Has anyone developed a custom tweedie distribution for sampling? How to implement once developed?

Hey Lucianopaz i have tried with custom tweedie distribution but i got the following error: below the given inputs are in numpy array. Please help me to solve this.

import scipy.special as sp

# Define the log probability function for the Tweedie distribution
def tweedie_logp(value, mu, p, phi):
    # Ensure positive values for mu, p, and phi
    mu = np.maximum(mu, 1e-10)
    p = np.maximum(p, 1e-10)
    phi = np.maximum(phi, 1e-10)

    # Calculate the log probability using the provided parameters and observed value
    logp_value = (
        (1 - p) * np.log(value / mu) - (value / (mu ** p * phi)) - np.log(phi)
        + np.log((1 - p) * mu ** (1 - p))
    )



    return logp_value.sum()


with pm.Model() as model:
    # Prior distributions for the unknown parameters

    # Prior distributions for the unknown parameters
    mu = pm.Normal('mu', mu=0, sigma=10)
    p = pm.Normal('p', mu=1.5, sigma=1)
    phi = pm.Gamma('phi', alpha=1, beta=1)

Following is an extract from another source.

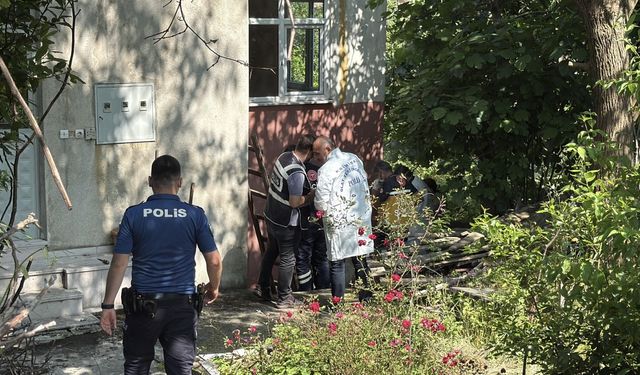 2 gündür haber alınamıyordu, evinin yanında ölü bulundu
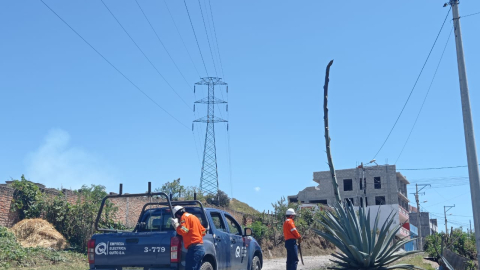 Trabajadores de la Empresa Eléctrica Quito verifican el funcionamiento de la  línea Conocoto – Vicentina, el 27 de septiembre de 2024.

    # Priors for the binary variables
    offline_campaign_prior = pm.Bernoulli('MISX_campaign_prior', p=0.5)
    discounts_prior = pm.Bernoulli('PA_prior', p=0.5)
    promotion_events_prior = pm.Bernoulli('promotion_events_prior', p=0.5)

    # Compute the expected sales based on the variables
    expected_sales = (storedata['day_of_week'].values + storedata['month'].values + storedata['year'].values + storedata['MISX'].values * offline_campaign_prior +
                      storedata['Status'].values * discounts_prior +
                      storedata['event'].values * promotion_events_prior)
    

    # Define the observed sales as a data variable
    sales_observed = storedata['Rslr_Sales_Amount'].values


    # Define the likelihood using the custom Tweedie distribution
    sales = pm.DensityDist('sales_observed', logp=tweedie_logp, observed={'value': sales_observed, 'mu': expected_sales, 'p': p, 'phi': phi})
    

    # Define the model
    trace = pm.sample(1000, tune=1000)



error: TypeError                                 Traceback (most recent call last)
Cell In[123], line 45
     41 sales_observed = storedata['Rslr_Sales_Amount'].values
     44 # Define the likelihood using the custom Tweedie distribution
---> 45 sales = pm.DensityDist('sales_observed', logp=tweedie_logp, observed={'value': sales_observed, 'mu': expected_sales, 'p': p, 'phi': phi})
     48 # Define the model
     49 trace = pm.sample(1000, tune=1000)

File ~\AppData\Roaming\Python\Python38\site-packages\pymc\distributions\distribution.py:944, in CustomDist.__new__(cls, name, dist, random, logp, logcdf, moment, ndim_supp, ndims_params, dtype, *dist_params, **kwargs)
    929 def __new__(
    930     cls,
    931     name,
   (...)
    941     **kwargs,
    942 ):
    943     if isinstance(kwargs.get("observed", None), dict):
--> 944         raise TypeError(
    945             "Since ``v4.0.0`` the ``observed`` parameter should be of type"
    946             " ``pd.Series``, ``np.array``, or ``pm.Data``."
    947             " Previous versions allowed passing distribution parameters as"
    948             " a dictionary in ``observed``, in the current version these "
    949             "parameters are positional arguments."
    950         )
    951     dist_params = cls.parse_dist_params(dist_params)
    952     cls.check_valid_dist_random(dist, random, dist_params)

TypeError: Since ``v4.0.0`` the ``observed`` parameter should be of type ``pd.Series``, ``np.array``, or ``pm.Data``. Previous versions allowed passing distribution parameters as a dictionary in ``observed``, in the current version these parameters are positional arguments.